准备四台虚拟机,使用centos7操作系统,搭建集群系统。
先搭建好一台虚拟机的环境,其他机器克隆就行。
虚拟机参数:
如果网络连接不成功,可以配置试试这篇博客https://blog.csdn.net/duyuanjun123/article/details/119833105
第一次我的网络一直连不通是因为初始化系统时我没把网络连接开开在初始化操作系统的时候注意一下。
在虚拟机中使用ip addr命令查看虚拟机ip
因为虚拟机操作多少有点不方便,所以使用xshell或者fianlshell 连接
连接成功配置一下yum源
下载wget命令
yum install wget -y
备份旧的yum仓库源
cd /etc/yum.repos.d
mkdir repobak # 创建文件夹,保存备份文件
mv *.repo repobak #备份repo文件到文件
清理旧包
~yum clean all
下载新的阿里的yum源仓库,阿里的开源镜像:https://developer.aliyun.com/mirror/
wget -O /etc/yum.repos.d/CentOS-Base.repo http://mirrors.aliyun.com/repo/Centos-7.repo
继续下载第二个仓库 epel仓库
wget -O /etc/yum.repos.d/epel.repo http://mirrors.aliyun.com/repo/epel-7.repo
生成yum源缓存并更新yum源
yum makecache
yum update
# 1、卸载旧的版本
yum remove docker \
docker-client \
docker-client-lastest \
docker-common \
docker-latest \
docker-latest-logrotate \
docekr-engine
# 2、需要的安装包
yum install -y yum-utils
# 3、设置镜像仓库 (阿里云镜像)
yum-config-manager --add-repo http://mirrors.aliyun.com/docker-ce/linux/centos/docker-ce.repo
# 更新yum软件包索引
yum makecache fast
# 4、安装docker相关的内容 docker-ce 社区办 ee企业版
yum install docker-ce docker-ce-cli containerd.io
# 5、启动docker
systemctl start docker
# 6、测试docker是否启动成功
docker -version
配置安装源地址
cat <<EOF > /etc/yum.repos.d/kubernetes.repo
[kubernetes]
name=Kubernetes
baseurl=https://mirrors.aliyun.com/kubernetes/yum/repos/kubernetes-el7-x86_64
enabled=1
gpgcheck=1
repo_gpgcheck=1
gpgkey=https://mirrors.aliyun.com/kubernetes/yum/doc/yum-key.gpg https://mirrors.aliyun.com/kubernetes/yum/doc/rpm-package-key.gpg
EOF
如下出现错误
[Errno -1] repomd.xml signature could not be verified for kubernetes
则是 repo 的 gpg 验证不通过导致的,可以修改repo_gpgcheck=0
跳过验证。
最后,安装Kubernetes的关键组件。
setenforce o
yum install -y kubelet kubeadm kubectl
# 启动kubelet、kubeadm、kubectl服务 kubeadm将使用kubelet服务以容器的方式部署和启动Kubernetes的主要服务,所以需要先启动kubelet服务。
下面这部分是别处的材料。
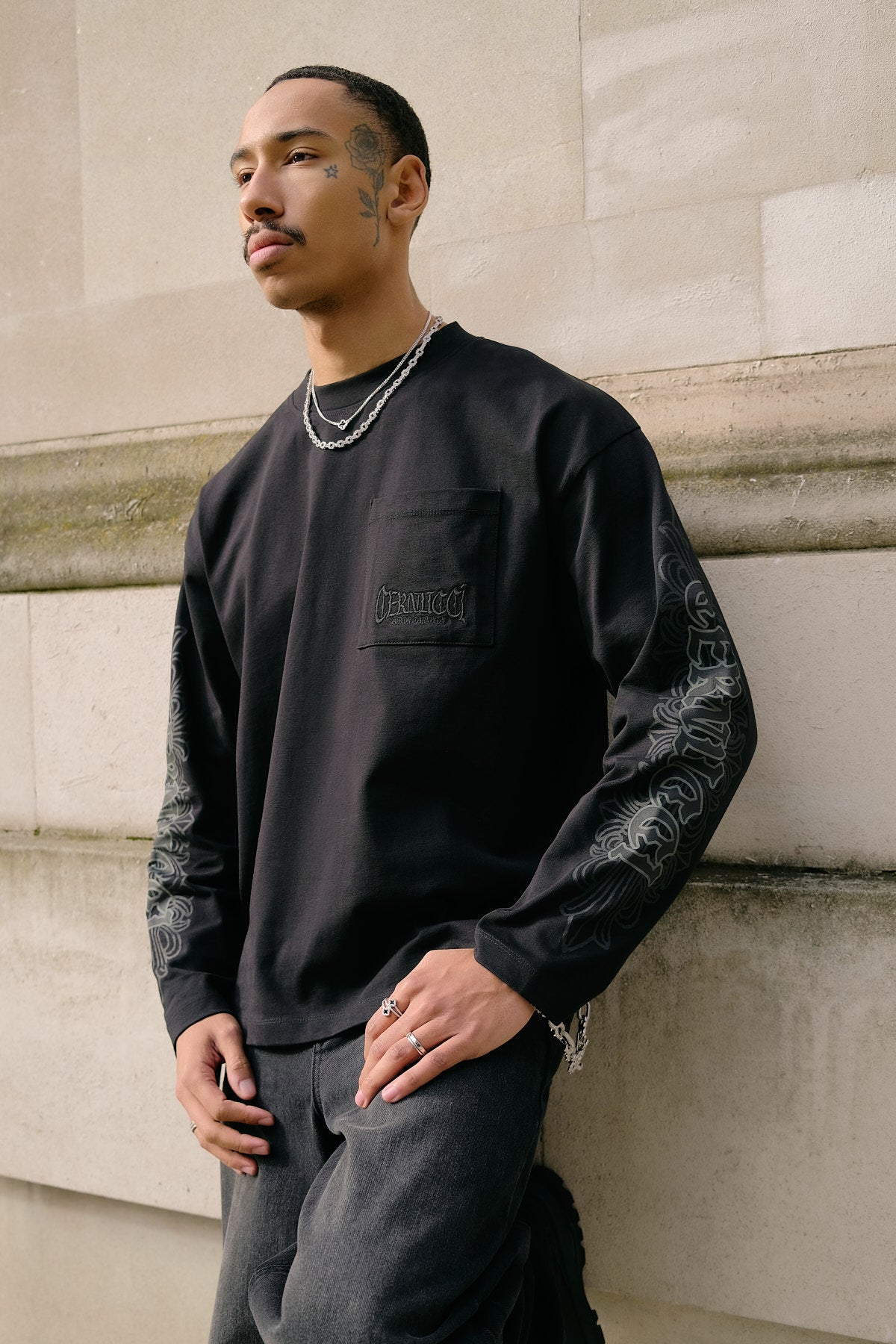 Long Sleeve Embroidered Pocket T-Shirt - Washed Black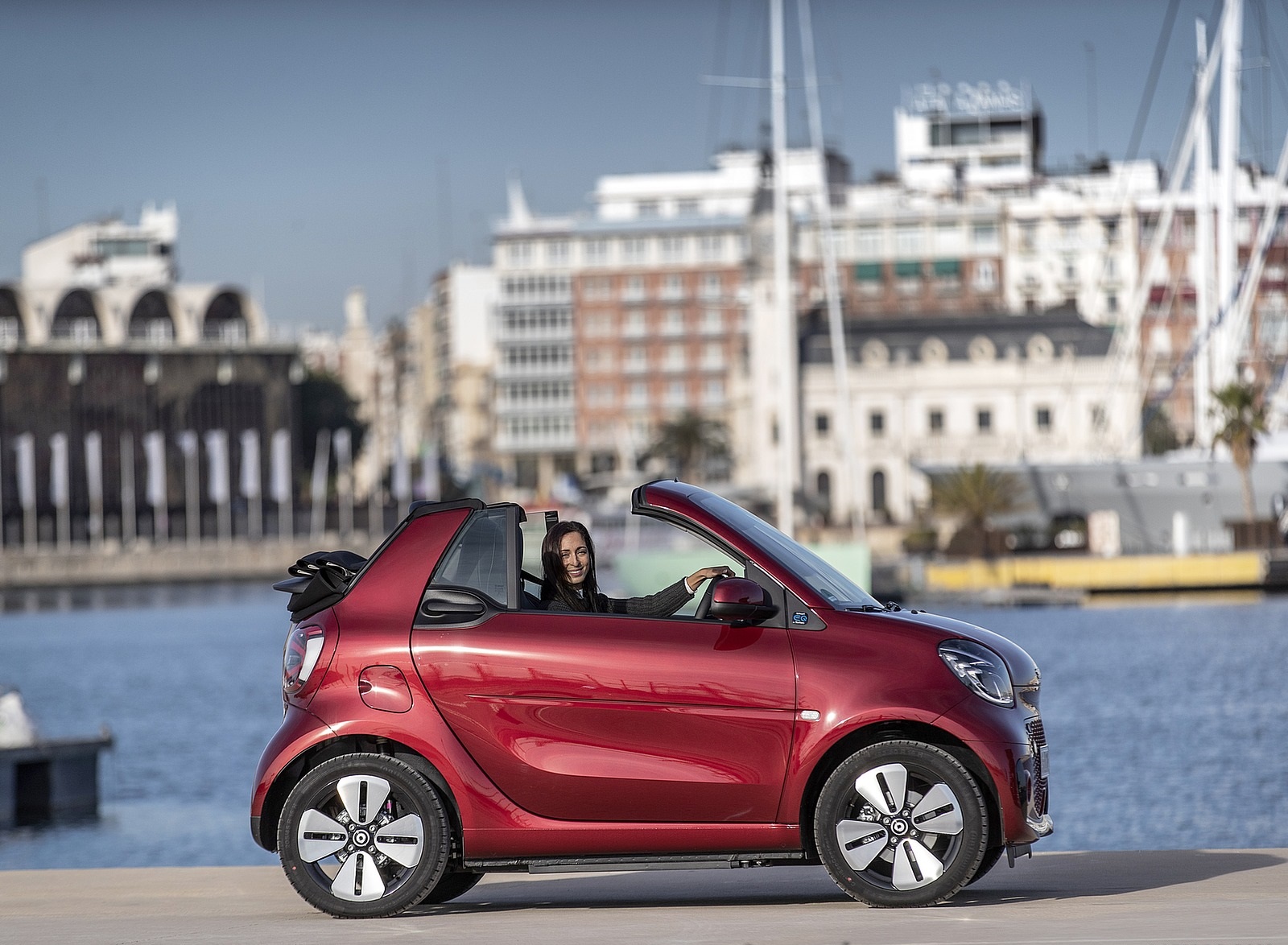 2020 Smart EQ ForTwo Cabrio Prime Line (Color: Carmine Red) Side Wallpapers #30 of 100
systemctl enable kubelet && systemctl start kubelet
克隆出node1节点
所有节点关闭Selinux、iptables、swap分区
systemctl stop firewalld
systemctl disable firewalld
iptables -F && iptables -X && iptables -F -t nat && iptables -X -t nat
iptables -P FORWARD ACCEPT
swapoff -a
sed -i '/ swap / s/^\(.*\)$/#\1/g' /etc/fstab
setenforce 0
sed -i 's/^SELINUX=.*/SELINUX=disabled/' /etc/selinux/config
拉取kubernetes默认配置
kubeadm config print init-defaults > init-config.yaml
打开该文件查看,发现配置的镜像仓库如下:
imageRepository: k8s.gcr.io
该镜像仓库如果连不上,可以用国内的镜像代替:imageRepository: registry.aliyuncs.com/google_containers
打开init-config.yaml,然后进行相应的修改,可以指定kubernetesVersion版本,pod的选址访问等。
kubernetes镜像拉取
kubeadm config images pull --config=init-config.yaml
采用国内镜像的方案,由于coredns的标签问题,会导致拉取coredns:v1.8.4拉取失败,这时候我们可以手动拉取,并自己打标签。失败信息如下:
**解决方案:**手动拉取镜像
从docker hub上手动拉取镜像:
docker pull registry.aliyuncs.com/google_containers/coredns:1.8.4
修改标签:
# 重命名
docker tag registry.aliyuncs.com/google_containers/coredns:1.8.4 registry.aliyuncs.com/google_containers/coredns:v1.8.4
# 删除原有镜像
docker rmi registry.aliyuncs.com/google_containers/coredns:1.8.4
以下是镜像默认的标签:v1.8.4 ,而在镜像中的标签是1.8.4,所以会导致拉取失败。
运行kubeadm init安装master节点
kubeadm init --apiserver-advertise-address 192.168.10.3 --apiserver-bind-port=6443 --pod-network-cidr=10.244.0.0/16 --service-cidr=10.96.0.0/12 --kubernetes-version=1.24.1 --image-repository registry.aliyuncs.com/google_containers
如下报错解决方案
the number of available CPUs 1 is less than the required 2
[ERROR CRI]: container runtime is not running: output: time="2021-08-17T22:43:15+08:00" level=fatal msg="getting status of runtime: rpc error: code = Unimplemented desc = unknown service runtime.v1alpha2.RuntimeService"
解决方案:
rm /etc/containerd/config.toml
systemctl restart containerd
kubeadm init安装失败后需要重新执行,此时要先执行kubeadm reset命令。
若出现下面问题
Unable to connect to the server: x509: certificate signed by unknown authority (possibly because of "crypto/rsa: verification error" while trying to verify candidate authority certificate "kubernetes")
解决办法
mkdir -p $HOME/.kube
sudo cp -i /etc/kubernetes/admin.conf $HOME/.kube/config
sudo chown $(id -u):$(id -g) $HOME/.kube/config
再次尝试安装出现如下问题
The HTTP call equal to ‘curl -sSL http://localhost:10248/healthz’ failed with error: Get “http://localhost:10248/healthz”: dial tcp [::1]:10248: connect: connection refused.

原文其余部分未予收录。